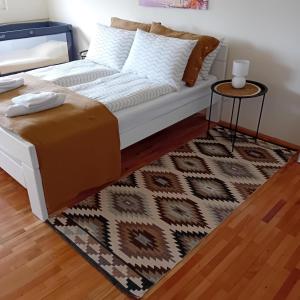 a living room with a couch and a table at Stan na dan Kalin in Bugojno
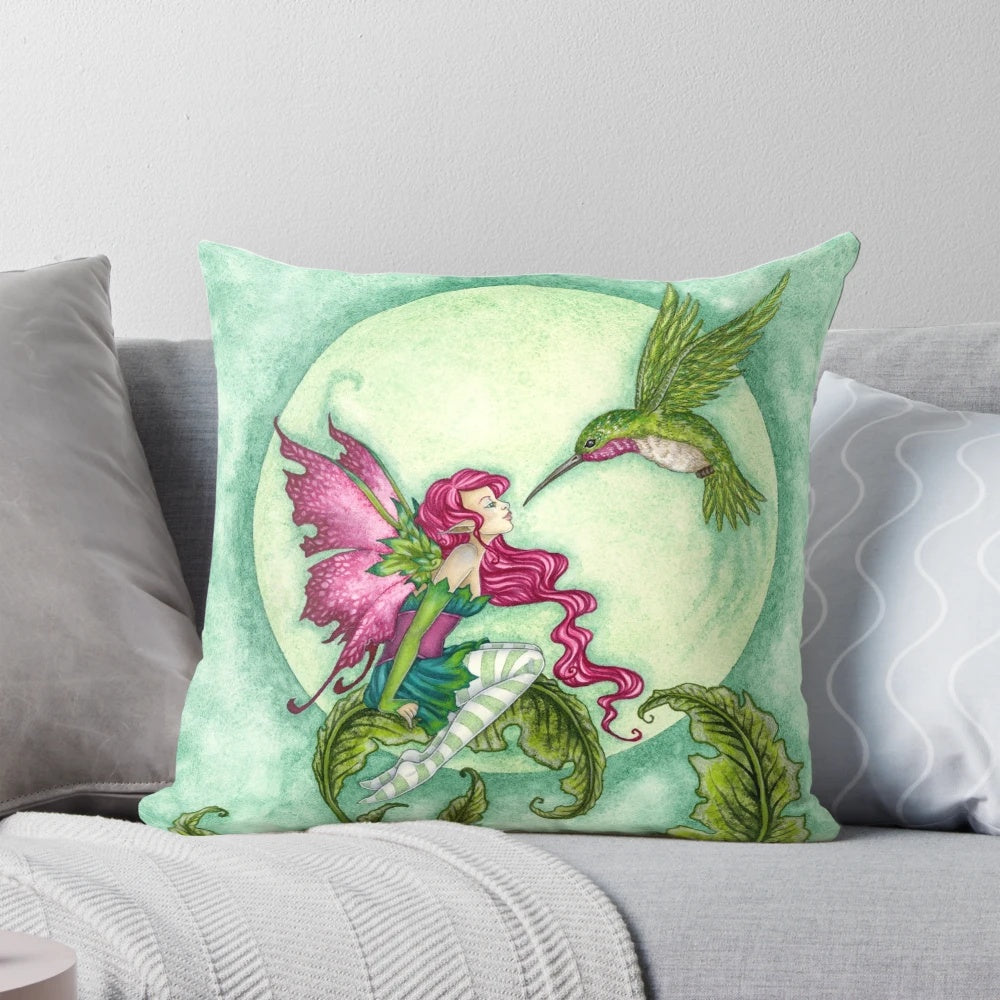 Whimsical fairy pillow featuring a hummingbird design by artist Amy Brown in shades of pink and green.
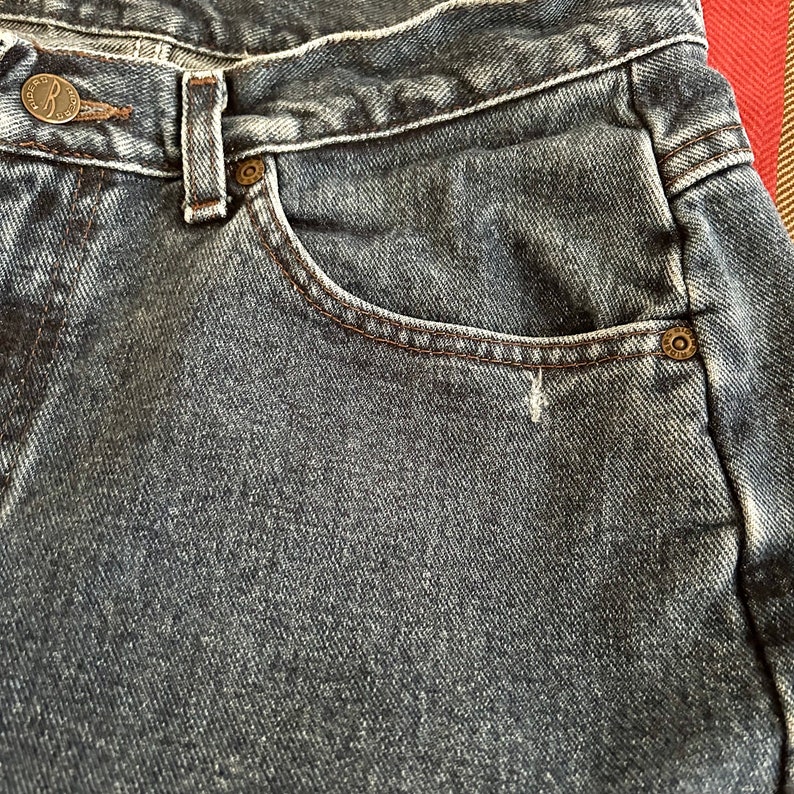 May include: Close-up of blue denim jeans. The jeans feature a button closure with the letters "R" and "CO" on the button. A small pocket is visible, edged with brown stitching.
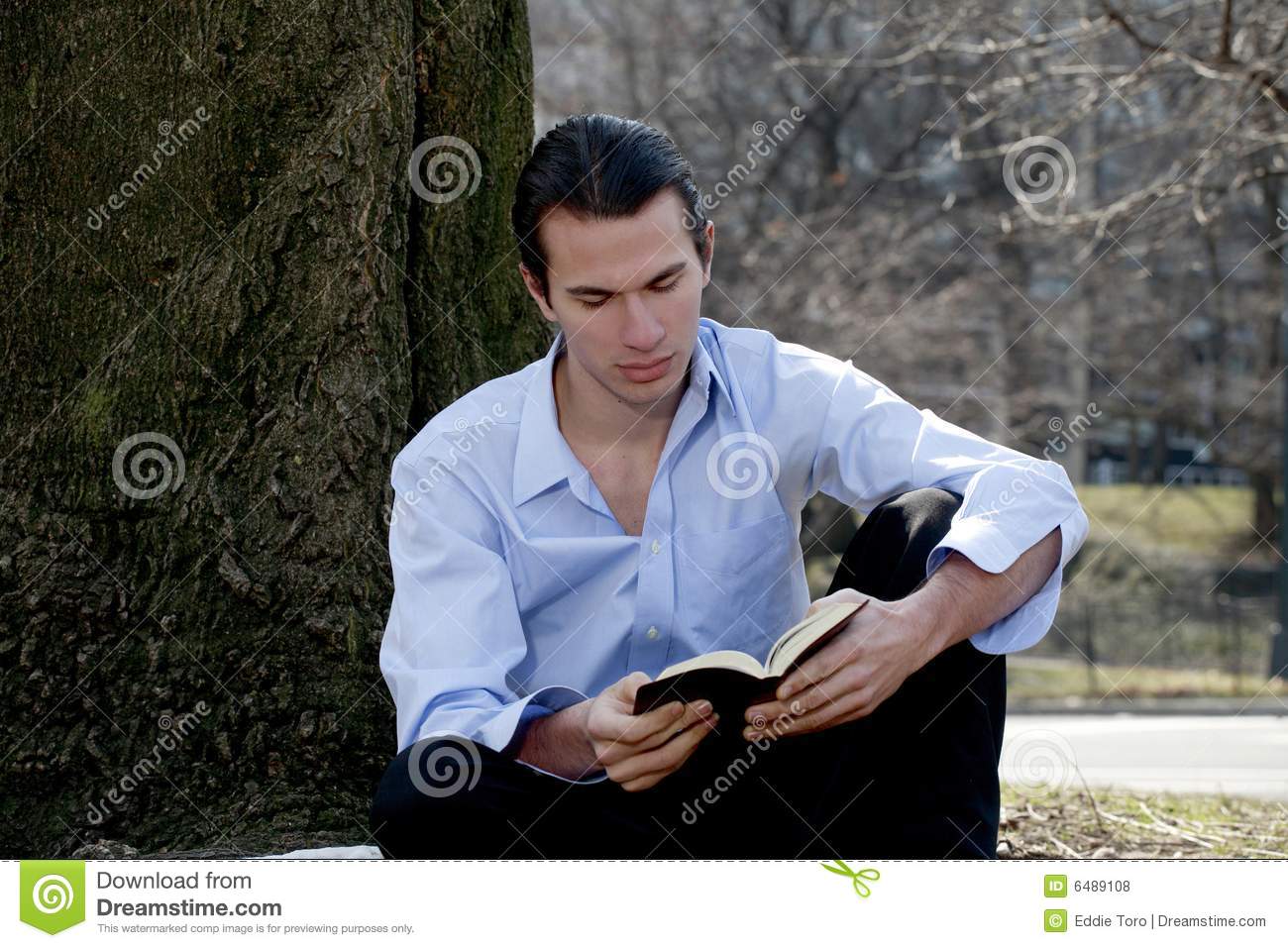 Man Sits In Park Rearding Bible  Photo Taken On A Cool Day In March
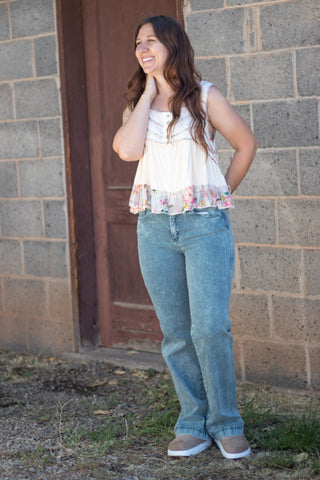 A woman wearing a sleeveless cream-colored top with a floral ruffle hem and decorative buttons on the chest, paired with green jeans, standing against a stone wall.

**What to produce:** Please print exactly the lines running from the line with "May include: Close-up" through the final line of the material, and nothing more. Keep pictures out.

**Answer space:**
 May include: Close-up of blue denim jeans. The jeans feature a button closure with the letters "R" and "CO" on the button. A small pocket is visible, edged with brown stitching.
 Man Sits In Park Rearding Bible  Photo Taken On A Cool Day In March
 A woman wearing a sleeveless cream-colored top with a floral ruffle hem and decorative buttons on the chest, paired with green jeans, standing against a stone wall.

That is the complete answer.